Atrocities taint rebel victory
Gaddafi loyalists were also targets of apparent extrajudicial killings. Those deaths have cast a dark shadow over Libya's new-found freedom and call into question whether the rebels will break with Colonel Gaddafi's blood-soaked style of governance or merely mimic it. - Diana Eltahawy, Libya researcher for Amnesty International, said a trail of abuse, torture and the extrajudicial killing of captured pro-Gaddafi fighters had followed the rebels from east to west as they took over the country. In the wreckage of a Tripoli fire station and field hospital on Friday, five fighters loyal to Colonel Gaddafi lay in agony and blood, apparently left to die by their vanquishers. They had been without food, water or medical attention for two days.
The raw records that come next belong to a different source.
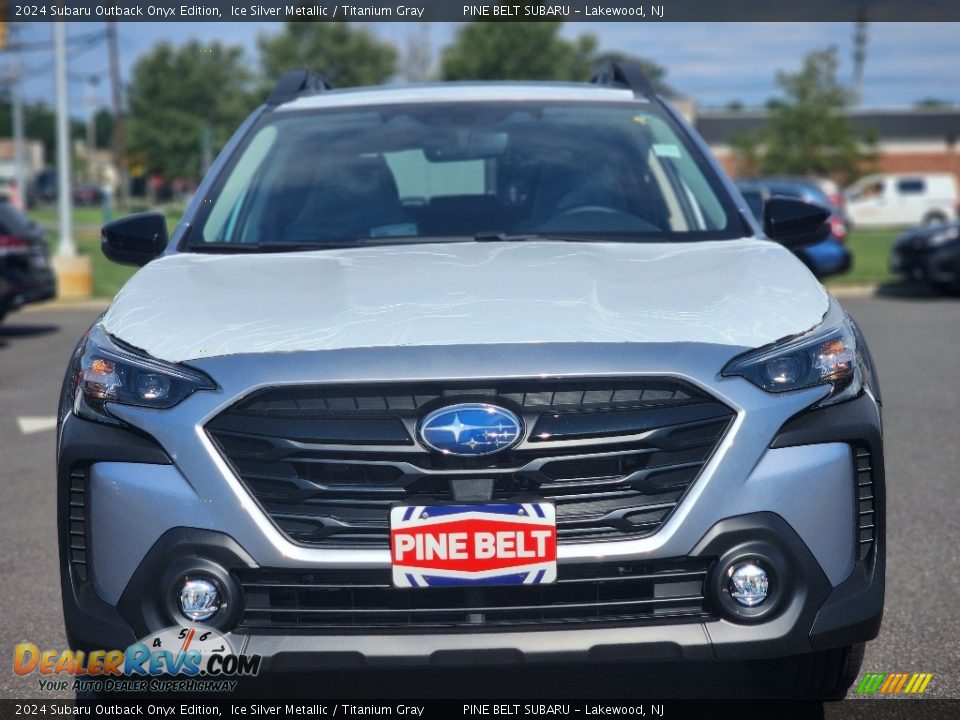 2024 Subaru Outback Onyx Edition Ice Silver Metallic / Titanium Gray Photo #2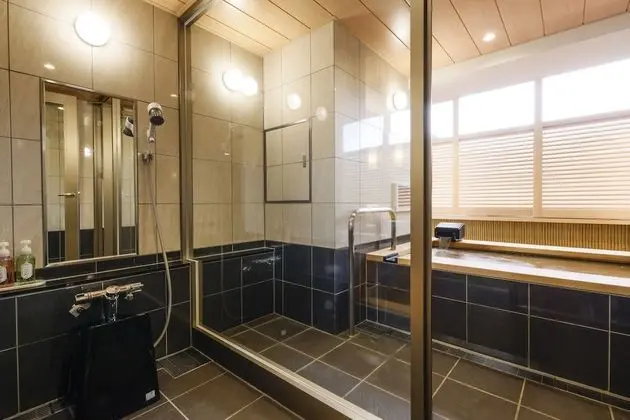 Traditional Süit, Sigara İçilmez (with High Class Open-air bath)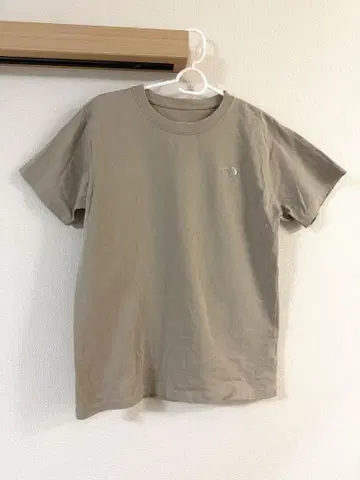 노스페이스 베이지 티셔츠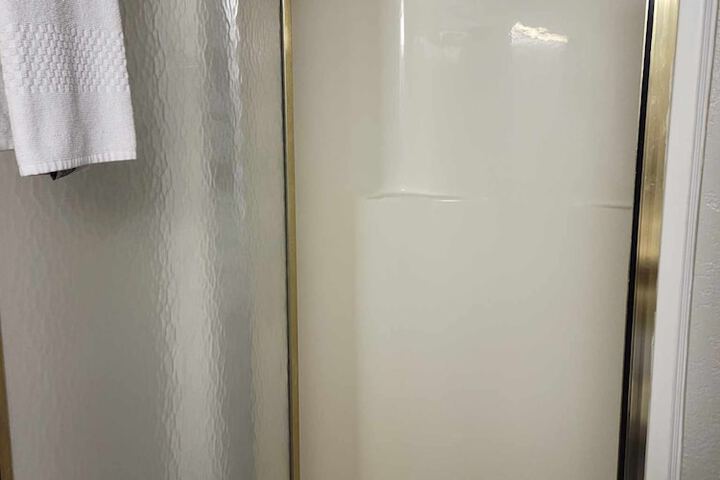 Room 11 of 24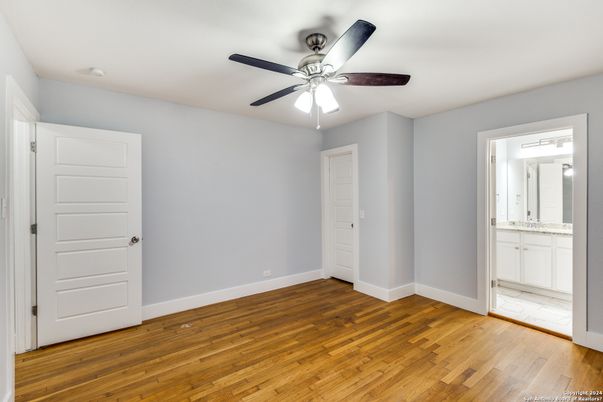 Bathroom, Empty room, Interior, Wood Texture Flooring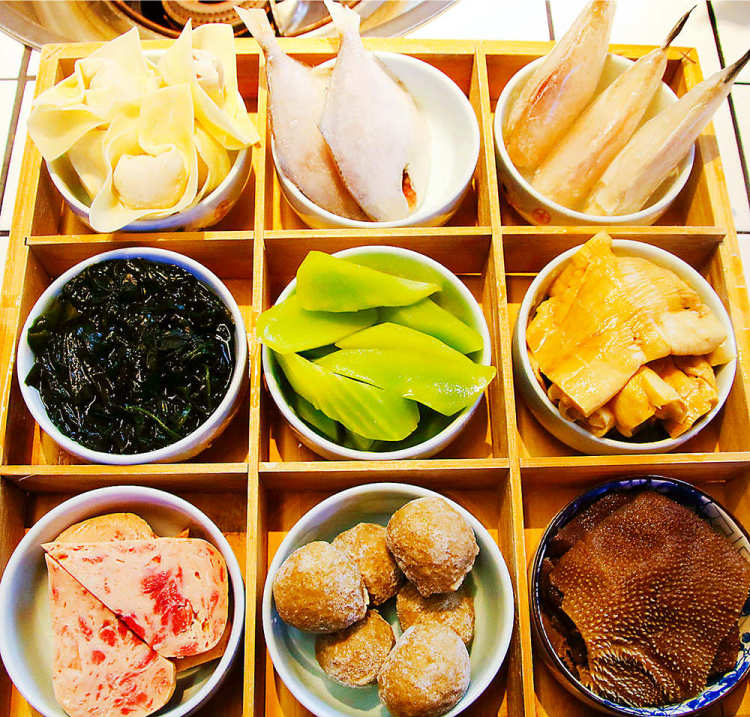 12元 香菜牛肉   18元 当日时蔬   8元 网红九宫格菜品(精选毛肚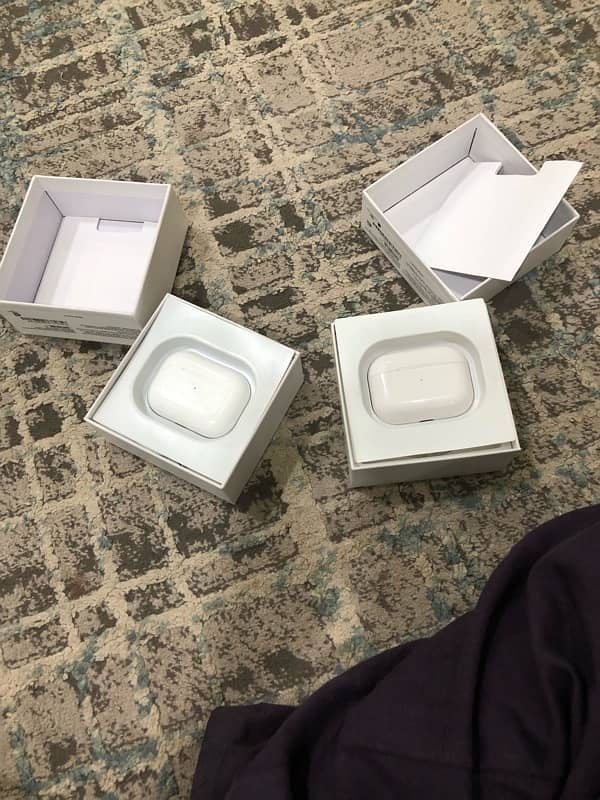 2 apple copy airpods contact on this number 03151133287 7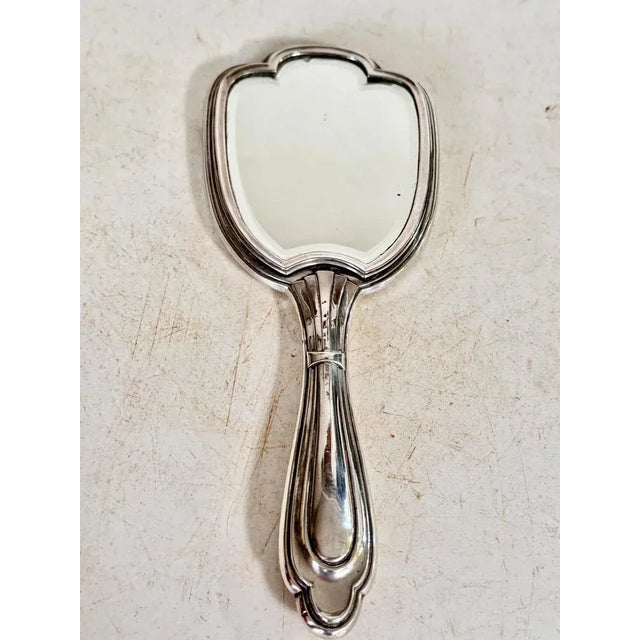 This mirror is an hand mirror. In Sterling Silver, with the hallmark of silver and 800g indicated. It has been made in...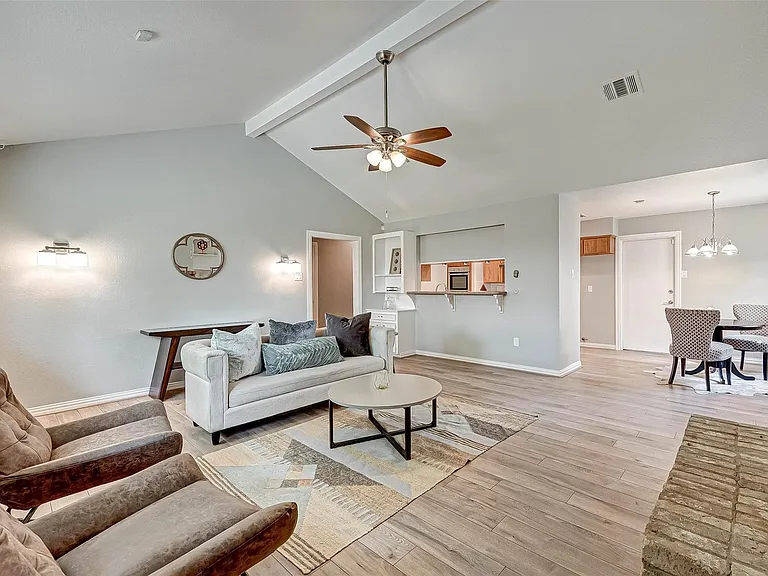 5806 Chrystell Ln — Photo 5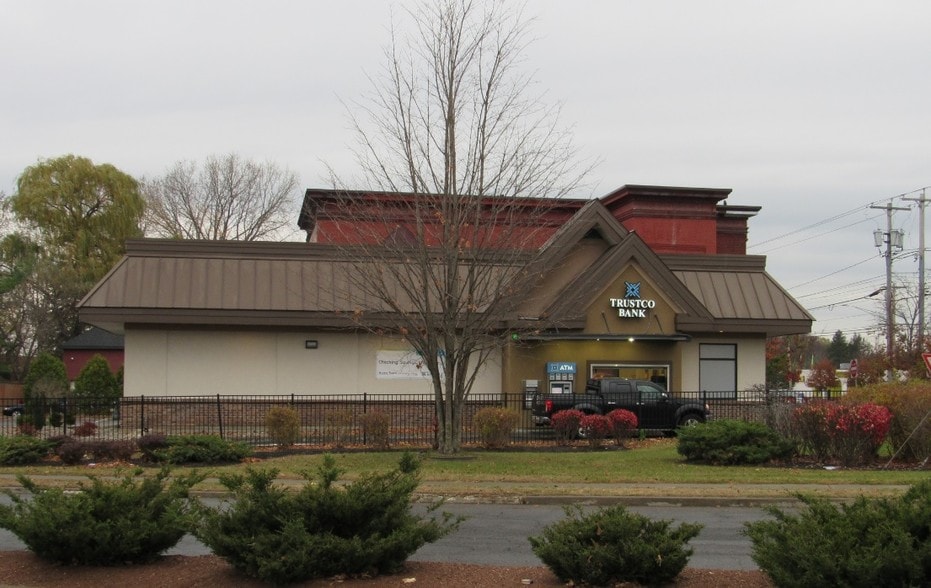 More Photos Of 1814 Central Ave, Colonie Unknown For Lease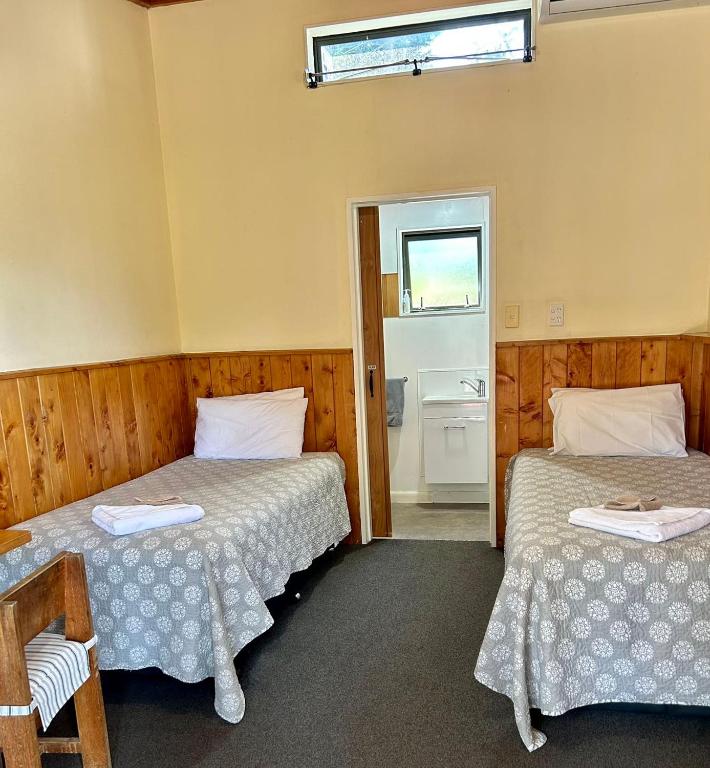 Postel nebo postele na pokoji v ubytování Mystery Creek Motel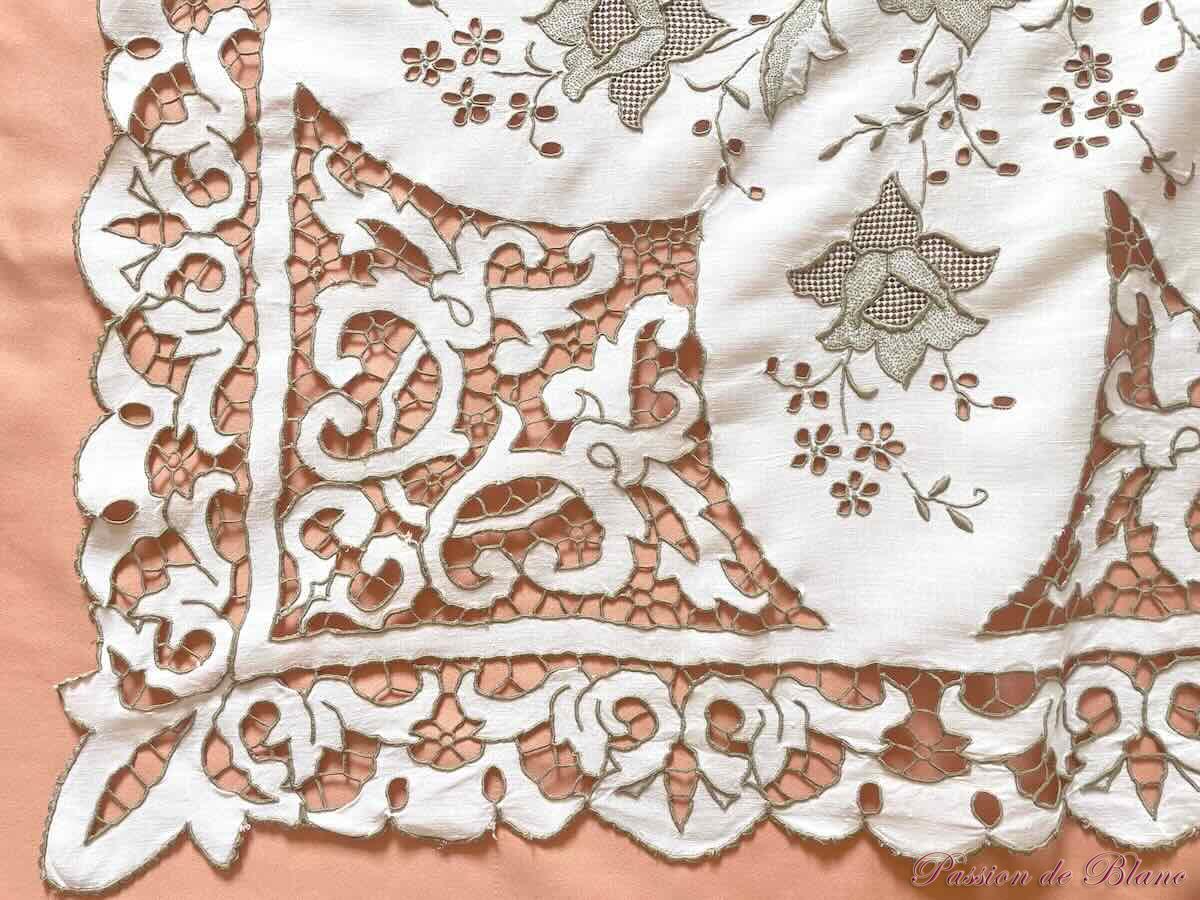 Petite nappe en broderie Richelieu sur toile fil de lin, fil marron – Image 2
Rebel fighters patrolling the compound knew the men were there, but scarcely seemed to care. ''We would take them to the hospital, but there are no hospitals,'' said Salah Mansoor, a law school graduate and shopkeeper. ''There are no cars to take them,'' he added, as a taxi cruised by. A few minutes' drive from the fire station, at least 15 bodies, most of them Colonel Gaddafi's black African supporters, lay rotting in the sun at a traffic junction outside his Bab al-Aziziyah complex. Several of the dead wore green pieces of cloth wrapped around their wrists to signal loyalty to Gaddafi.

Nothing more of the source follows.